Camille Miller: Unhappiness is often the seed of good art. Observing, analyzing and putting together the pieces of other people’s misfortune is one way to revive a jaded, 32-year-old screenwriter’s spiralling career. At least that’s what Rio Yazaki (Fumino Kimura) is counting on in the Netflix original rom-com series “The Many Faces of Ito.” Yazaki, a heartbroken and painfully blasé dramatist, enjoyed fame, success and love before plummeting into writer’s block. When four desperate women fall into her lap at a book launch event, everything changes — and not necessarily for the better.
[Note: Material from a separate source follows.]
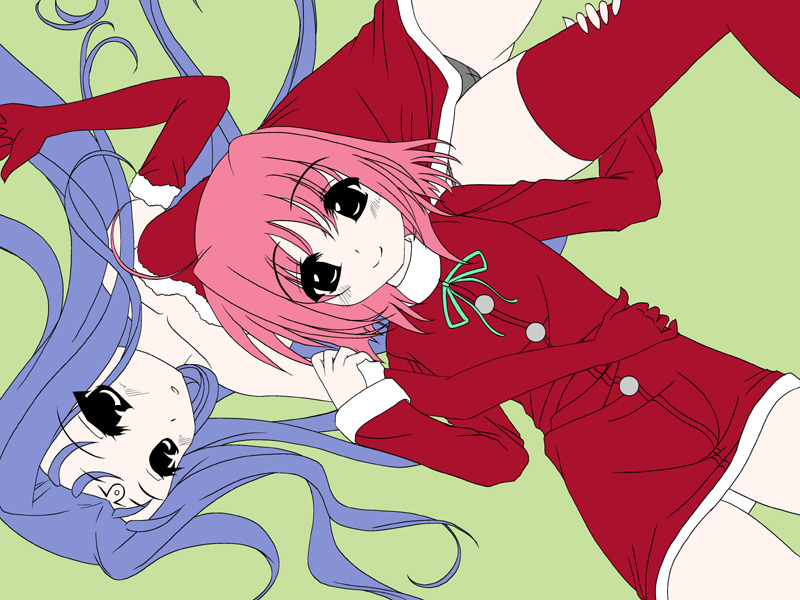 frapowa, caro ru lushe, lutecia, lutecia alpine, lyrical nanoha, mahou shoujo lyrical nanoha, mahou shoujo lyrical nanoha strikers, unfinished, 00s, 2girls, black panties, christmas, multiple girls, panties, santa costume, thighhighs, underwear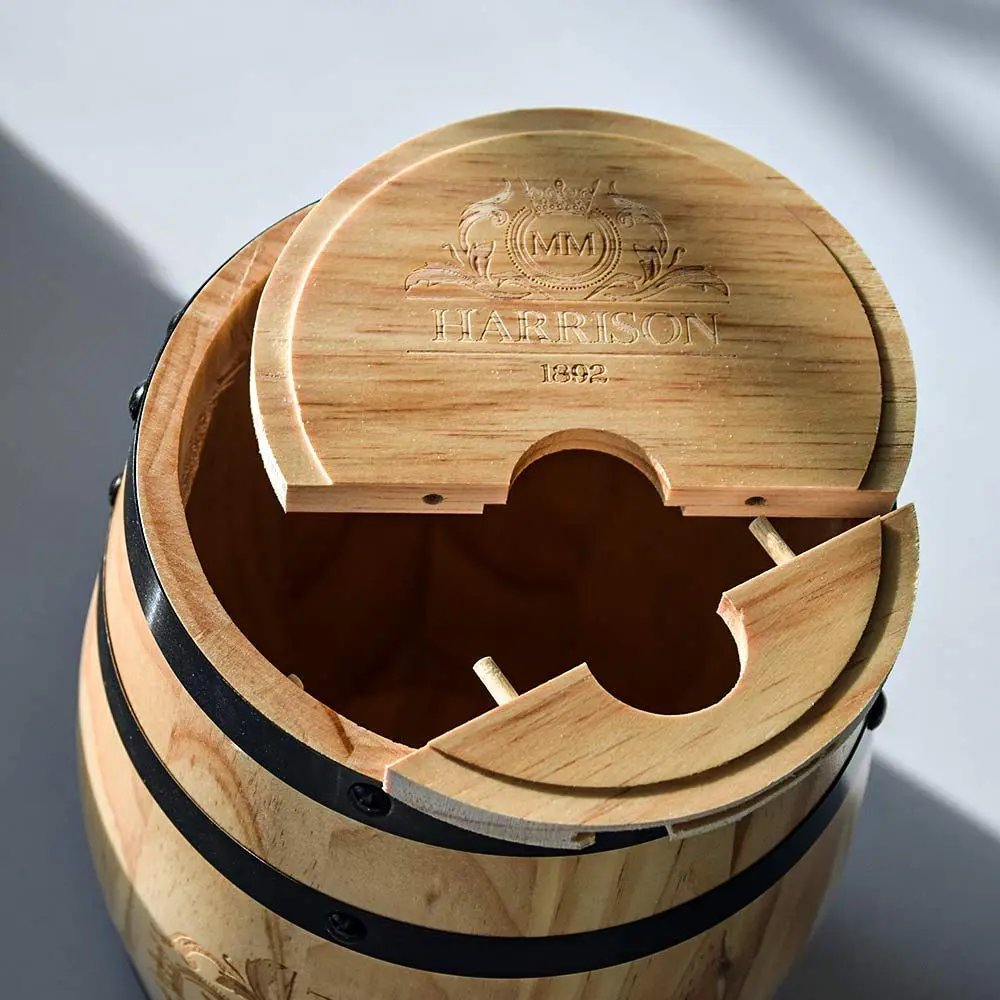 Бъчва-диспенсър Mikamax - Wooden Barrel, борово дърво, 3л - 3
Paul McInnes: I’ve been watching Mikey Chen on YouTube for about a year now. He has a couple of channels but my go-to for weekend bingeing is called Strictly Dumpling. Chen, a charismatic and genial American, tours the world basically trying out the local food. The greatest videos feature his love of Japanese convenience stores where he buys shed loads of food and sits inside and eats the lot in one sitting. It’s addictive viewing and is what, for me, YouTube is basically all about.

Caroline Perrine: Chris Lilley’s Netflix mockumentary feels like a throwback to a time when political correctness wasn’t a big deal. The show follows six unconnected storylines of grotesquely imagined stereotypical characters, including a fashion designer with objectophilia and an ex-porn star who has become a hoarder. There are segments in this show which you can laugh at and even more you will cringe at, but throughout, you’re like to have a niggling feeling that it’s all just a little bit mean. This show is not for the empathetic among us, nor for those who believe that there can be more to comedy than picking on easy targets.